Google Summer of Code 2019: Improve Article Recommendation Pipeline
GSoC Project Proposal: Improve Article Recommendation Pipeline
Mentor: Bahodir Mansurov
Synopsis
The project improved the article recommendation pipeline by solving the various issues in the article-recommender projects. The issues that were solved as a part of the project are:
- Remove duplicate Wikidata items from article recommendations
- Recommendation API translation endpoint stopped working
- Article recommendation API: replace WDQS with MW API
- morelike recommendation API: Bulk import data to MySQL in chunks
Links to code changes
Merged:
- Remove duplicate Wikidata items from article recommendations.
- Throw appropriate error when wmAPI returns internal server error.
- Splits the request to MediaWiki API and Wikidata query service in batches.
- Replace Wikidata Query Service with MediaWiki API
- Bulk import data to MySQL in chunks
Outcome
Each task in the project had a noticeable outcome.
The first task made sure that the data returned by the morelike endpoint
did not have duplicate data.
This ensured that the data we got from a single call to the API contained more wikidata items than what was being returned previously.
The second task made sure that the translation endpoint
does not fail intermittently without returning a proper error code.
This helps us with debugging when some error arises.
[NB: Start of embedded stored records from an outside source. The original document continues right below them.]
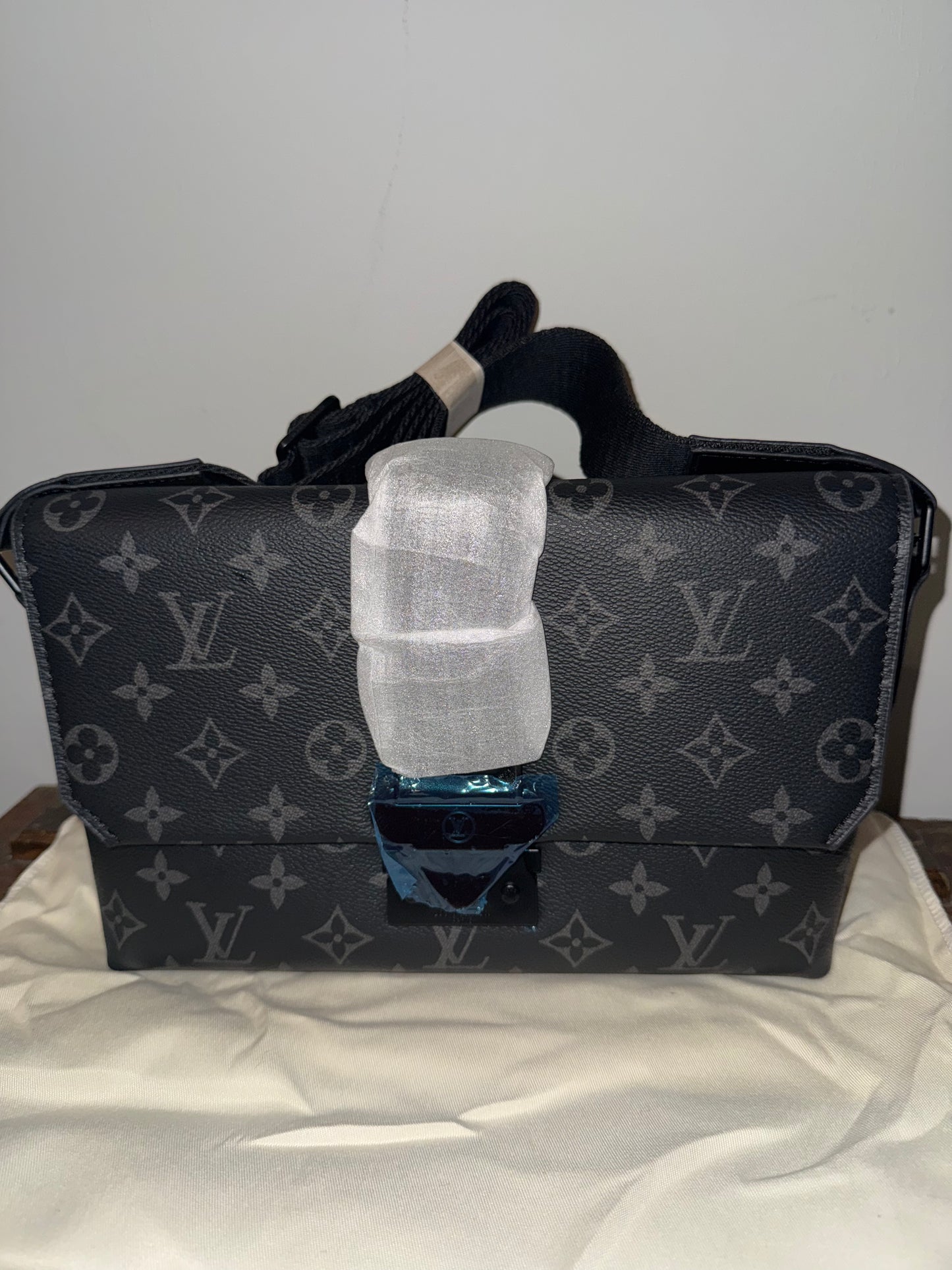 Messenger bag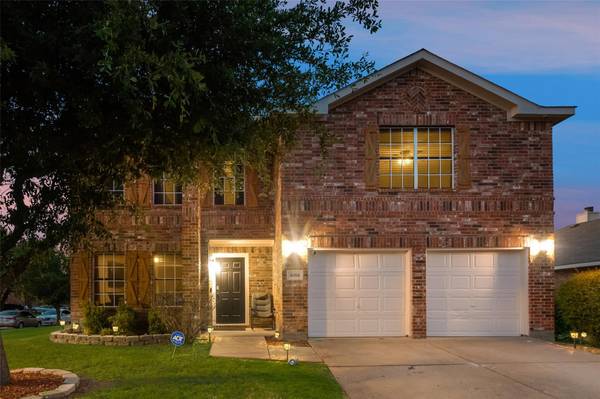 4006 Collin Court, Heartland, TX 75126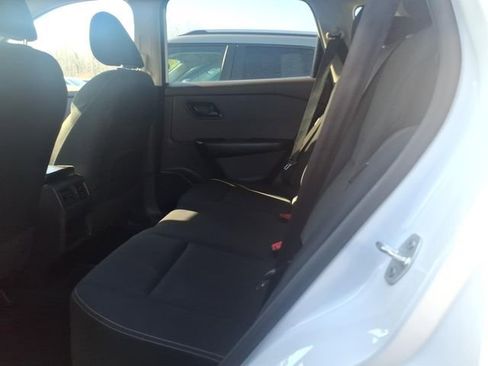 Used 2023 Nissan Rogue S AWD/4WD image 9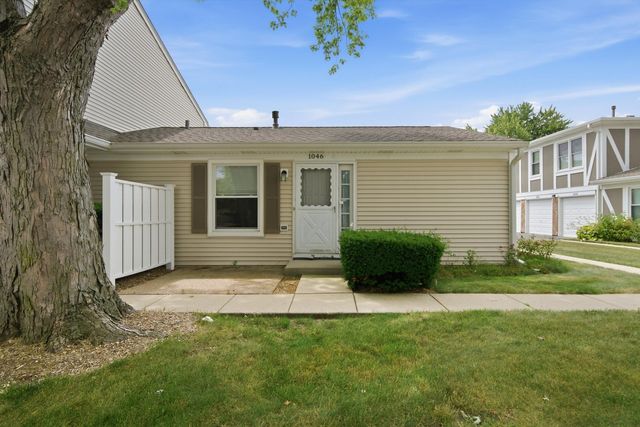 1046 Hampton Harbor 1046, Schaumburg, IL 60193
It also made sure that the API does not fail due to an error with the Wikidata Query Service.
The third task replaced the internal call that was being made to Wikidata Query Service(WDQS) with a call to the MediaWiki API(MWAPI) when
the translation endpoint
is called. This decreased the number of requests being made internally thereby decreasing the time required by the
translation endpoint
. It also decreased the time required by replacing the slower WDQS with a faster MWAPI.
The fourth task made sure that the script used to import the data generated by Hadoop into the database does not block the CPU. It improves the CPU efficiency of the shared machines and allows to run other CPU tasks as well without them getting blocked.
Acknowledgement
I would like to thank my mentor, Bahodir Mansurov for helping me throughout the program, encouraging me with great feedback and guiding me towards project completion.
Thoughts about the project and more..
This was the first time I was formally going to work on a “real” project. I have been contributing to open source since more than 2 years but they have mostly been one off contributions. This was also the first time I was writing code for an organization as big as Wikimedia. I was excited to work with the other developers. Everyone I interacted with from the Wikimedia team was helpful and more than willing to go out of the way to help a beginner like me. It felt wonderful working along with my mentor and all the other people in the team. A big thank you to all the fellow developers who helped me with the project and also to the Wikimedia Foundation and Google for providing me this wonderful opportunity.